The impact of a potential conflict in the Middle East on global oil prices
In an analysis highlighting the fragility of global energy security, the International Energy Agency (IEA), in its monthly report, outlined a hypothetical scenario for a major geopolitical conflict in the Middle East, detailing the potentially catastrophic repercussions for global oil markets. The analysis posits that a large-scale conflict could lead to a market loss of over one billion barrels of crude oil, representing an unprecedented supply shock that would threaten the stability of the global economy.
The Strait of Hormuz: The world's oil artery
The scenario presented by the agency is based on the disruption of oil tanker traffic through the Strait of Hormuz, the world's most important waterway for oil transport. Historically, approximately one-fifth of the world's daily oil consumption passes through this strait, making it a vital chokepoint. According to the scenario's estimates, closing the strait would halt the flow of more than 14 million barrels of oil per day from major Gulf producers, which explains the scale of the cumulative losses that could exceed one billion barrels in a short period.
Severe shortages and pessimistic forecasts
According to the analytical report, such disruption would completely upend the supply and demand balance. Under this scenario, the agency forecasts a severe supply deficit of up to 6 million barrels per day during the second quarter of the crisis.
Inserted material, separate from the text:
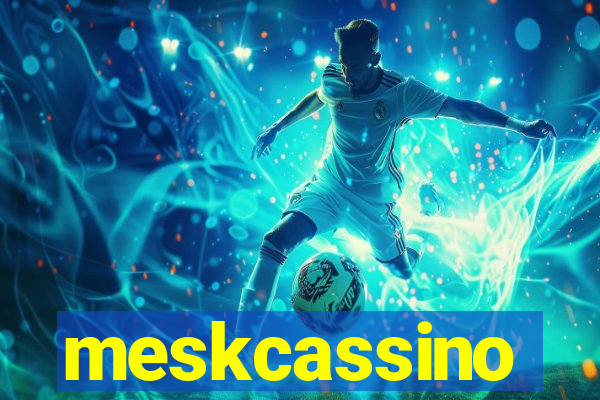 meskcassino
Even assuming the conflict ends, the analysis predicts that the supply gap will persist, with supply falling short of total demand by 1.78 million barrels per day in 2026—a dramatic shift from the surpluses projected in previous reports.
The Paris-based agency said: "Our latest estimates within this model indicate that the market will suffer from a severe supply shortage until the end of the third quarter of 2026.".
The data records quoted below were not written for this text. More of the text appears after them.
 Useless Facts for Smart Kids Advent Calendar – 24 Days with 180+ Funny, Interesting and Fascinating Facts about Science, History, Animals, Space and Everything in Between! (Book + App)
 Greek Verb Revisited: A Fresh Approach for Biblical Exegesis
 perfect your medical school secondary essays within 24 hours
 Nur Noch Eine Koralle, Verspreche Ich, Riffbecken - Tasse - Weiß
Economic impacts and price fluctuations
A shortage of this magnitude would not only affect energy markets but would also send shockwaves through the global economy. The analysis indicated that the supply shortfall would force consuming nations to draw on their strategic reserves, with the scenario estimating a withdrawal of 246 million barrels from global oil stockpiles during March and April alone to mitigate the initial shock. This massive drawdown, coinciding with peak summer demand, would sharply increase price volatility, driving prices to record highs, fueling global inflation, and threatening to push many economies into recession.
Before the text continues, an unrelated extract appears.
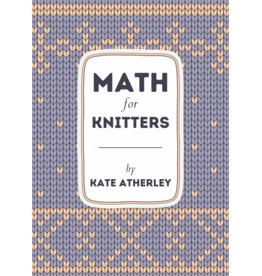 Kate Atherley Math for Knitters by Kate Atherley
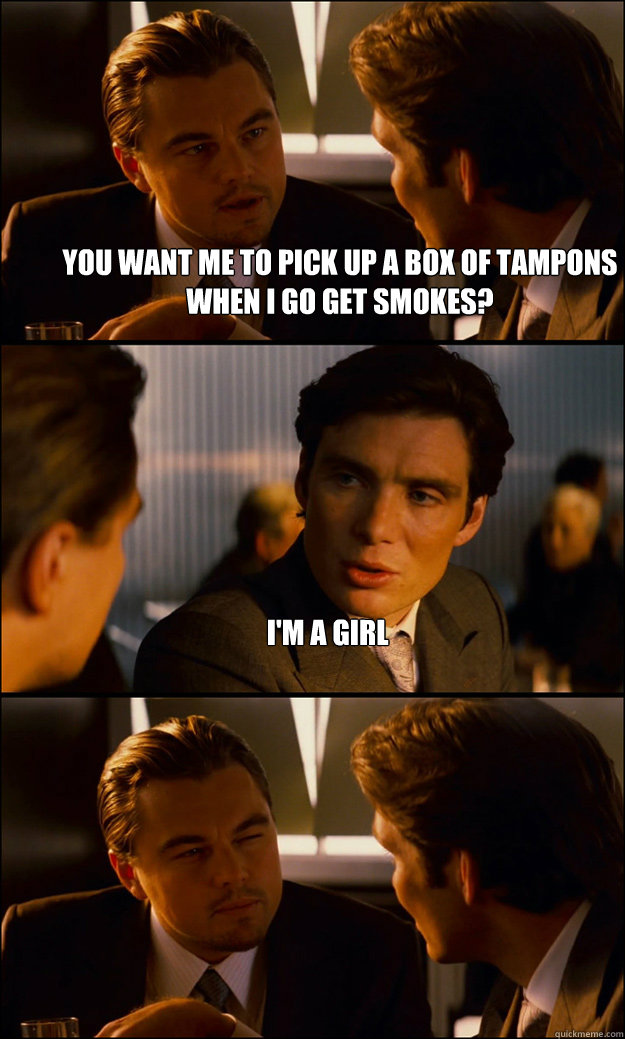 You want me to pick up a box of tampons when I go get smokes? I'm a girl   Inception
This scenario is reminiscent of past energy crises, such as the 1973 oil crisis and the Tanker War of the 1980s, which demonstrated how tensions in the Middle East can reshape the global economic and political landscape. In conclusion, the International Energy Agency's analysis serves as a wake-up call, underscoring the critical importance of diplomatic stability in the region for ensuring the security of global energy supplies.